Adolescent boys who play basketball, soccer or participate in gymnastics are prone to Sever’s disease, a condition that affects the back of the heel near the Achilles tendon. This condition usually occurs from over-training without sufficient rest. It results in moderate to severe pain in the heel, which usually worsens when running. Some soccer players continue training, although they may add a stretching routine specific to the heel into their regime and insert a heel pad into their cleats. More severe cases may require x-rays to rule out other conditions, or a hiatus from soccer and running with a gradual reintroduction to the sport.

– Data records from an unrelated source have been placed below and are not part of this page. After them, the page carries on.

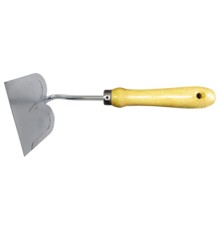 Тяпка, деревянная ручка 270 мм FIT IT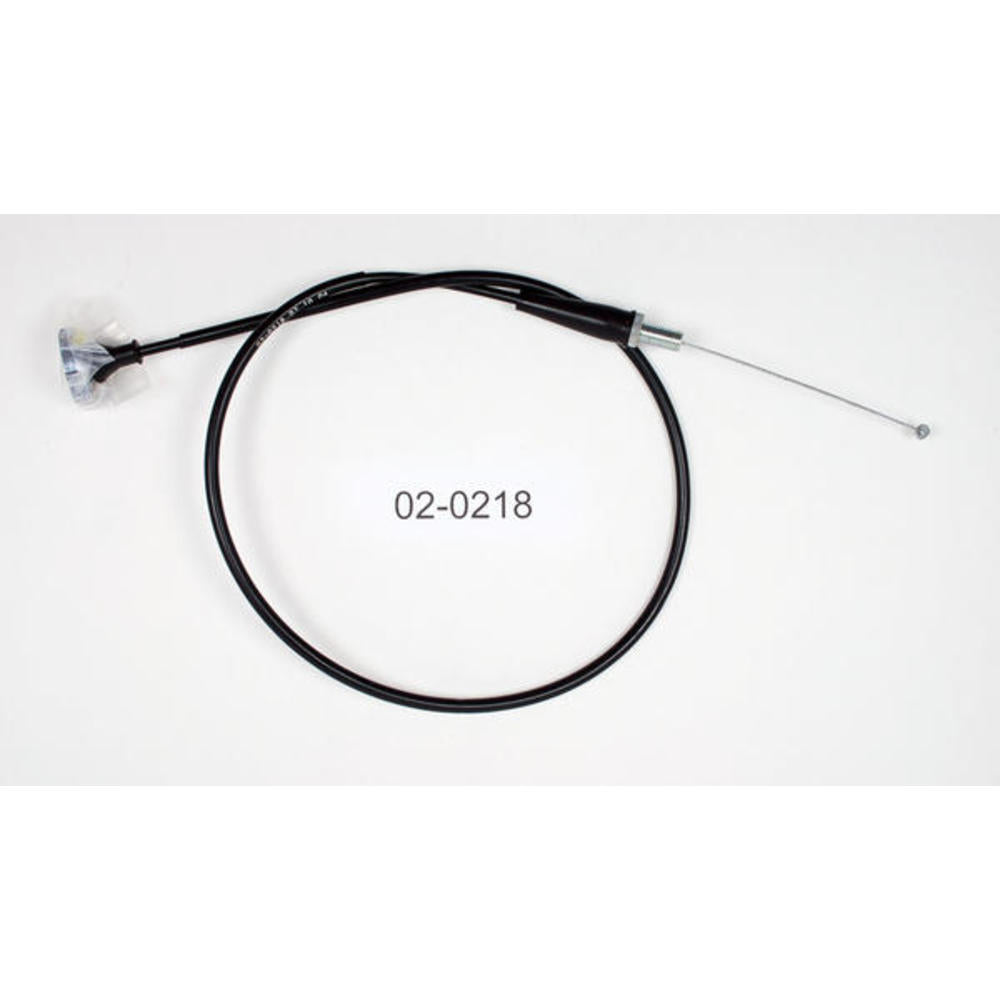 New MOTION PRO Throttle Pull Cable For HONDA XR200R 50-218-10 | Australian Moto Spares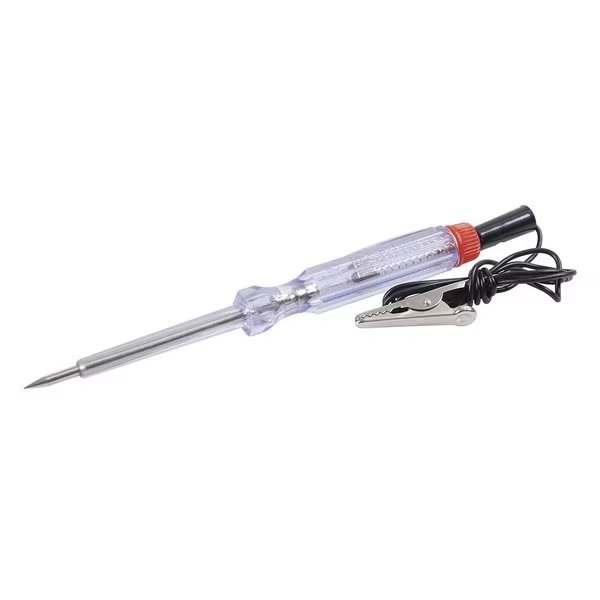 Dc Voltage Tester 024V, Surtek, Mfr#: 107358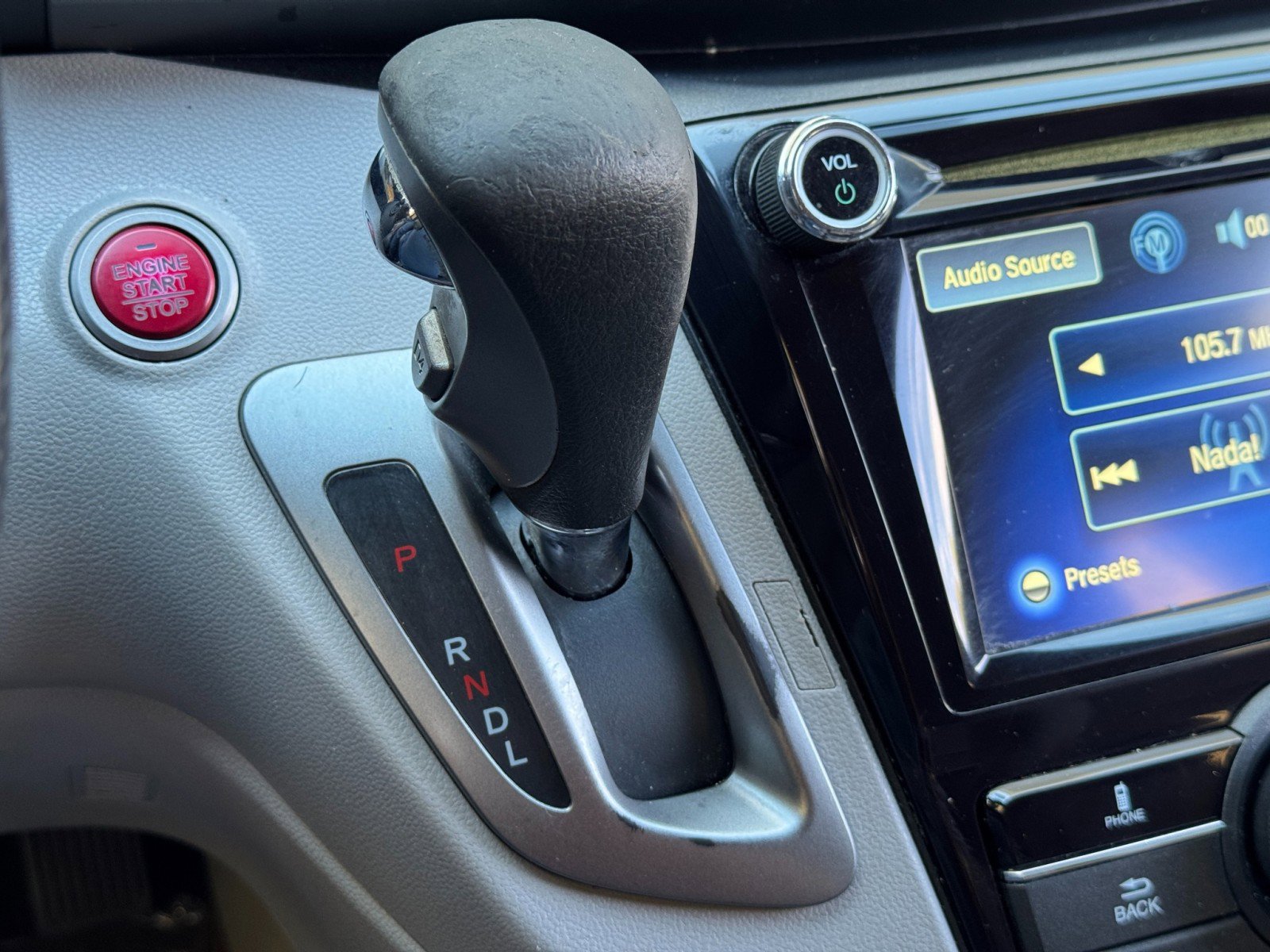 Used 2014 Honda Odyssey EX image 27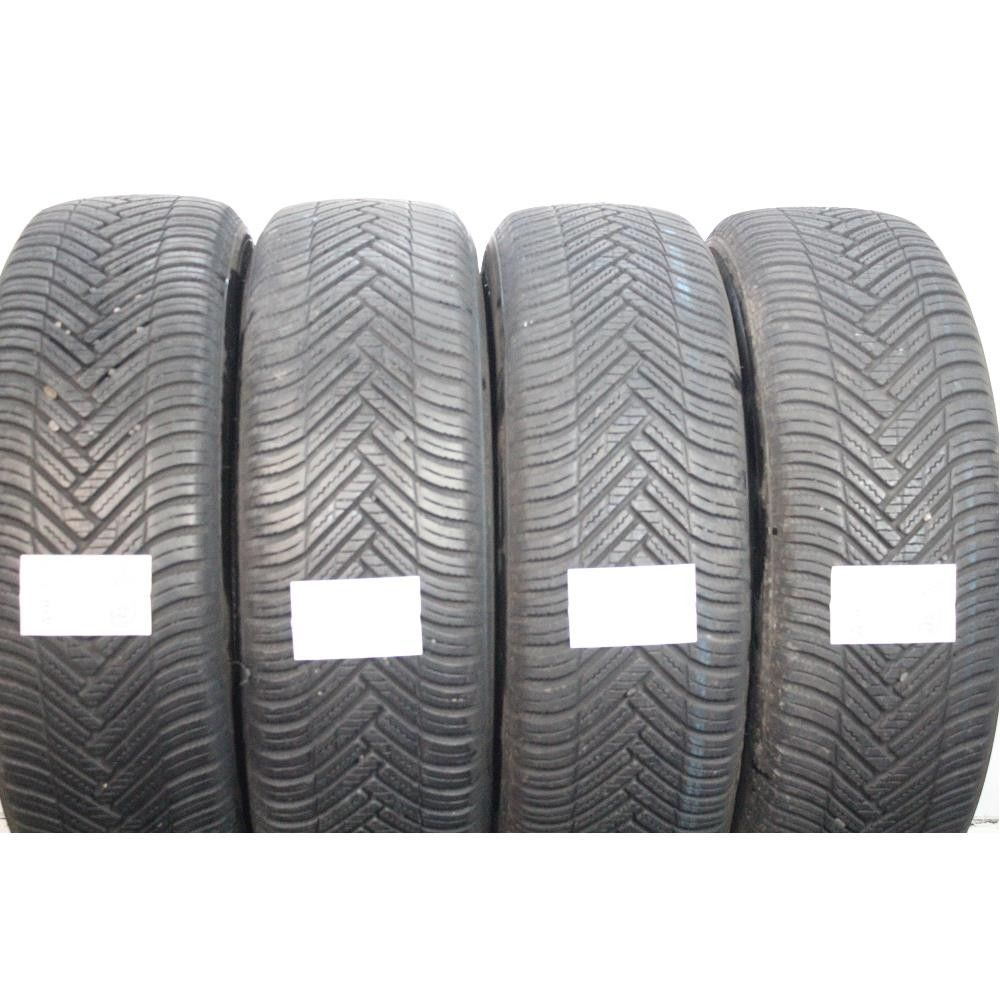 Pneumatico 215 65 R17 103V HANKOOK KINERGY 4S 2X usato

Repeated striking of the toes against the top of your soccer cleats can cause subungual hematoma, a condition affecting the toenails. This condition occurs when blood accumulates underneath the toenail, and may require that a physician pierce the toenail to drain off the excess blood. The Massachusetts General Hospital for Children reports that it is not uncommon for soccer players to completely lose two or even three toenails each playing season due to this condition.
An October 2003 article in “Podiatry Today” places ankle sprains as the most common injuries sustained by soccer athletes. The cause for these injuries are typically running on an uneven surface, making a sharp turn while running down the field, collision with another player or twisting the ankle when landing from a jump. Sprains often swell and bruise quickly; icing the joint can help to alleviate this. Depending on the severity of the injury, your doctor may require you to tape the ankle or wear a compression boot or soft cast for up to three weeks. The use of crutches for the first few days is often encourage as well.
Achilles tendinitis is not technically an injury from soccer; but the condition can be exacerbated by the game. It is characterized by a pain in your heel and the tendon when running; or even walking. It is caused by short calf muscles or increasing the intensity of your activity without preparing your muscles in advance. Tendinitis in your Achilles may even be caused by your athletic shoes -- not enough support or ill-fitting. If you suspect an inflamed Achilles tendon, use ice, for 15 to 20 minutes at least 2 to three times a day. But, most importantly, stop playing soccer immediately. If there is a tear or rupture of the Achilles tendon, it may involve surgery. Your doctor can determine the condition of your tendon with an x-ray or MRI scan.